Asked to what extent the different investment areas are needed to preserve their current business and to reinvent for the future, both global and India CEOs flag investments in deploying advanced technologies as a priority for reinventing the business for the future.

Base: Those respondents who are making an investment in any of these areas in the next 12 months

A balanced agenda

“The power sector has huge growth potential and is poised to move to the next level with a laser focus on renewable sources and their integration with digital technologies, including storage, smart grid, smart metering and other integrated solutions. These can help the country leapfrog from conventional generation, transmission and distribution to a more distributed power generation and electricity service model providing better quality service to consumers.”

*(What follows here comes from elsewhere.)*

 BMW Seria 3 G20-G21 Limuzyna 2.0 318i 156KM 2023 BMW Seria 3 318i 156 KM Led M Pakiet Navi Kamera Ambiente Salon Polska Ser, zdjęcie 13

– Dr. Praveer Sinha, CEO and Managing Director, Tata Power Co. Ltd

Constantly evolving technologies make upskilling a challenge in today’s world. A range of social jobs are also growing in demand because of certain trends that may influence the future composition of labour markets. According to the World Economic Forum’s 'The Future of Jobs Report 2020',12 the adoption of new technologies will entail upskilling for 50% of all workers by 2025.

CEOs are therefore striving to perform a balancing act to preserve the current business while reinventing the business for the future.

The next steps

The balancing act facing India CEOs starts with his/her own calendar and extends to most corporate resource allocation decisions. The CEOs need to:

  • invest in upskilling as a lever to address talent shortage and provide training as required
  • invest in technology to reinvent the business
  • speed up investment in alternative energy sources and decarbonising.

How central are YOU to your company’s reinvention?

Reinventing the business, ensuring it is future-fit while navigating near-term operating challenges requires C-suite leaders, middle managers and front-line employees to work in tandem. Engaged and empowered organisations move faster, innovate more readily, and collaborate more effectively to get work done. The CEOs’ responses in this survey to questions on their companies’ leaders and employees throw up some warning signs but also underline some positives.

About 78% of India CEOs say that the leaders of their company rarely or just occasionally make strategic decisions for their division or function without consulting them. Around 65% (as opposed to 56% of global CEOs) say that the leaders encourage dissent and debate; 51% (as against 46% of global CEOs) say that they tolerate small-scale failures. About 93% of India CEOs (85% of global) underline their employees are often/usually aligned with their company’s values and direction.

Reluctance on the part of leaders to take independent strategic decisions seems to indicate that conditions are not appropriate for managers and employees to independently grasp new opportunities or respond to disruptive threats.

The next steps

CEOs and their top teams have to drive change and business reinvention top-down in the years ahead. Transformation is only possible when individuals at all levels adapt and grow. For this, the leadership has to:

  • decentralise decision-making and empower leaders in their companies to take strategic decisions independently
  • double down on setting a shared vision and being visible champions of change
  • encourage small-scale risk-taking and tolerate small-scale failure and dissent
  • use technology to augment human potential
  • balance business considerations with individual aspirations.

What kind of ecosystem are you building?

The diversity and complexity of today’s business challenges are placing a premium on the need to collaborate across the boundaries of the corporation. To get a window on these dynamics, we asked CEOs how they forge partnerships  with whom and to what objective. The results show that companies work with a wide network of collaborators, and those relationships are most often struck to create new sources of value. Addressing sustainable development, education and climate change is more often a goal of collaboration with non-business entities such as NGOs and government agencies. In fact, 73% of CEOs collaborate with non-business entities to address sustainable development, while 57% of CEOs collaborate on education.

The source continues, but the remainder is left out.